Muchos de los que criticaban vigorosamente la borrachera de Zabaraín, hoy defienden a rajatabla la de Petro y viceversa. Muchos de los que con enjundia hablaban de que no hay delitos de sangre cuando se identificaban los parientes narcos en las huestes uribistas, hoy condenan a Piedad, así como quienes hoy la absuelven en otras épocas pedían la muerte política o la cancelación de otros con familiares narcos.

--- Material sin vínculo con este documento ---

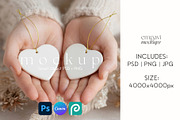 Double Heart Ornament Mockup, a Merchandise Mockup by EmpaviMockups (Thumbnail 1 of 6)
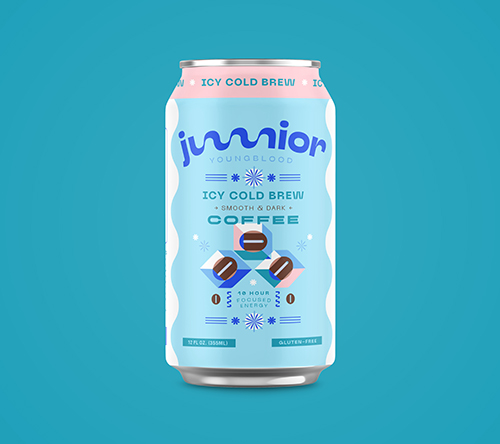 Junior cold brew coffee can with playful branding and colorful design on turquoise background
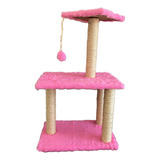 Arranhador Para Gatos 3 Bases Com Bolinha Ld Pet Cor Rosa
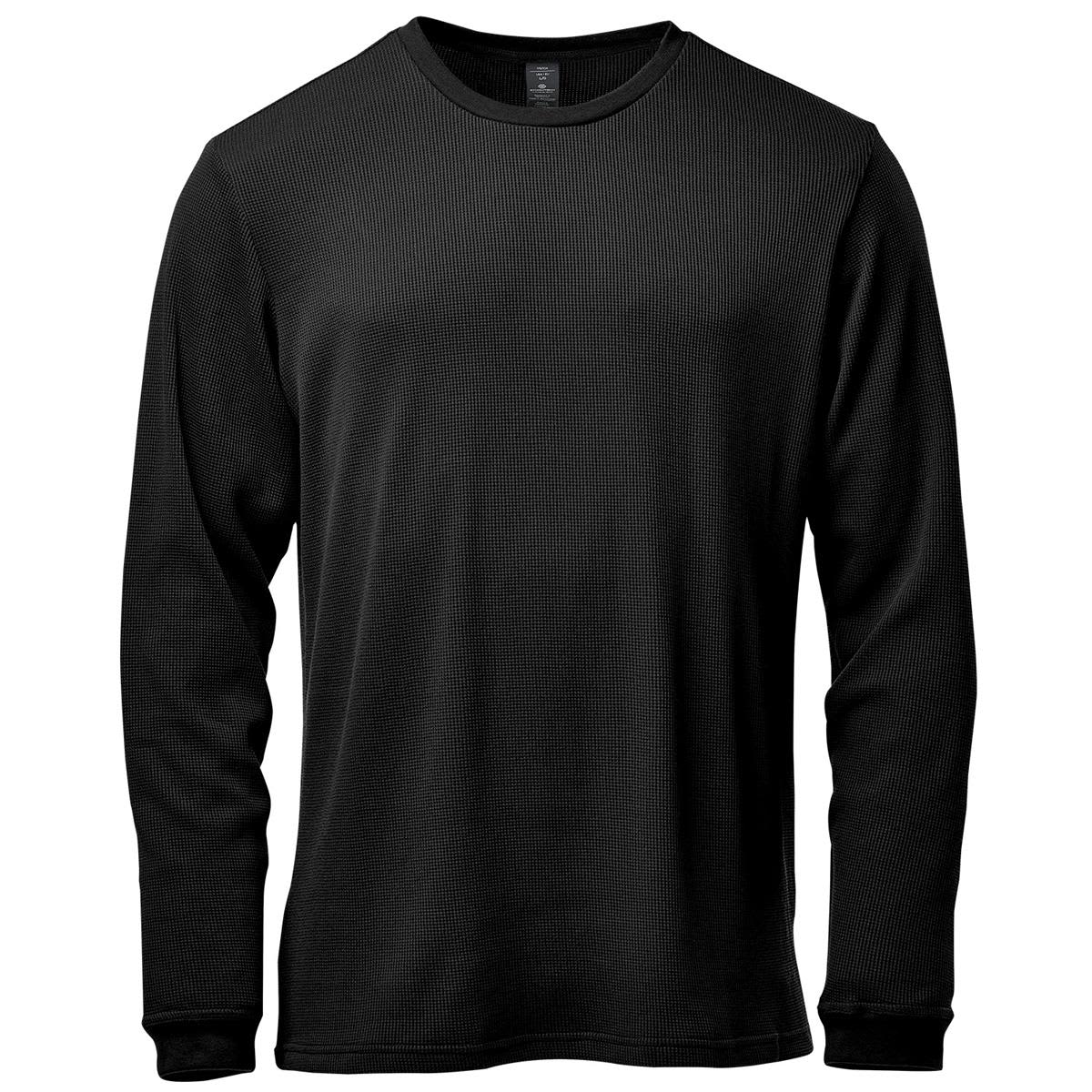 A black men's crew neck shirt with long sleeves and a textured fabric. It features a logo on the chest. Men's Ashburn Crew Neck - Image 1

Desde luego, y para que no sea evidente lo paradójico de la situación, no comparan “el desliz” en sus filas con “otro desliz” en las opuestas, sino con algún evento de muchísima mayor gravedad para poder decir que nos indignamos con una nimiedad de uno, pero no vemos la maldad enorme incrustada en el otro.
El modelo funciona de manera idéntica desde las dos orillas sin que ninguna de las dos se sonroje, y así las culpas sean asimétricas, los argumentos terminan siendo los mismos: “Somos nosotros o el abismo” o en palabras castizas “o ganamos o nos vamos a la mierda”.
Unos se apalancan en la necesidad cierta de un cambio vendiéndose como el único cambio posible, los otros se catapultan precisamente en el miedo a un cambio demasiado abrupto, o demasiado drástico, que podría deteriorar la economía o la democracia. En los dos casos se parte de escenarios absolutos, cambiarlo todo o mantenerlo todo.
Muchos no vemos el mundo así, ni por supuesto la política nacional, muchos creemos que hay muchísimas cosas que es indispensable e inaplazable cambiar, y muchas otras que es preciso mantener e incluso profundizar. Así como pensamos que cada “escándalo” hay que mirarlo de manera situada y concreta, y que normalmente fenómenos similares o comparables merecen niveles similares o comparables de censura e indignación.
El problema de cara a las elecciones es que las dos narrativas antes mencionadas han logrado consolidarse, mientras que la tercera no ha logrado pasar de un discursito etéreo que en lugar de entusiasmar aburre. Y como si eso fuera poco, las voces que tratan de articular una candidatura en este sentido se pierden en medio del enorme ruido que genera la conversación “principal” o en el ruido mismo que genera la enorme dificultad de ponerse de acuerdo con los que, de hecho, piensan distinto.
Al final tirios y troyanos apuestan al unísono al fracaso de esa esperanza que prometieron y que hasta ahora poco han logrado despertar, precisamente porque las narrativas del otro como enemigo son altamente efectivas para resultar electo.
El enorme problema, como bien hizo notar Obama en alguna de sus campañas, es que las heridas profundas que genera elegirse sobre la división rara vez logran sanar durante el gobierno, y de heridas profundas que dividen al país seguro sabemos nosotros más que Obama.